A senior supermarket executive came under fire at the annual meeting of an NFU Cymru county branch.
Chris Blundell, corporate affairs director of Morrisons Supermarkets, told Montgomeryshire members that the company was fully committed to selling British produce in its 360 stores.
He insisted that it was keen to form strong long-term relationships with producers to supply its five fresh food processing and packaging plants and two abattoirs.
Since taking over Safeway, the company’s 150,000 employees were serving 10m customers every week.
Sales were growing and there were plans to open two more packhouses and another abattoir.
British farms supplied 95% of the beef, 100% of lamb, 95% of the pork and 100% of the milk and fresh and frozen chicken sold.
But beef producer Joylon Higgs said that he and about 50 other Welsh farmers had been let down by Morrisons when it cancelled a Welsh beef procurement arrangement with Safeway.
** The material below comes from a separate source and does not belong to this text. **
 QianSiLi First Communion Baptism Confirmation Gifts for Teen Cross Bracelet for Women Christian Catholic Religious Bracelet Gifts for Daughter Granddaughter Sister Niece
“We were given just three weeks’ notice when you pulled the plug on the Safeway group,” Mr Higgs told Mr Blundell.
John Jones, another member of the former group, said he felt very let down when he lost the 5p/kg premium earned for working hard to meet the specifications set.”
Mr Blundell invited the aggrieved producers to send him details of their complaints, but made it clear that the grocery business was very competitive.
Tom Tudor criticised Morrisons for buying only 300 cattle and 600 lambs a week in Wales and then slaughtering them in England.
Mr Blundell said that with only 19 stores in Wales the company would not acquire a Welsh abattoir, and was not prepared to use another company’s facilities.
Huw Besent urged him to stop boasting about making 13,000 in-store price cuts in former Safeway stores, which squeezed prices paid to farmers.
Instead it should follow the Waitrose group by going for quality and paying premium prices for premium products.
Mr Besent was told that Morrisons had to cater for the diverse requirements of five times as many customers as Waitrose each week.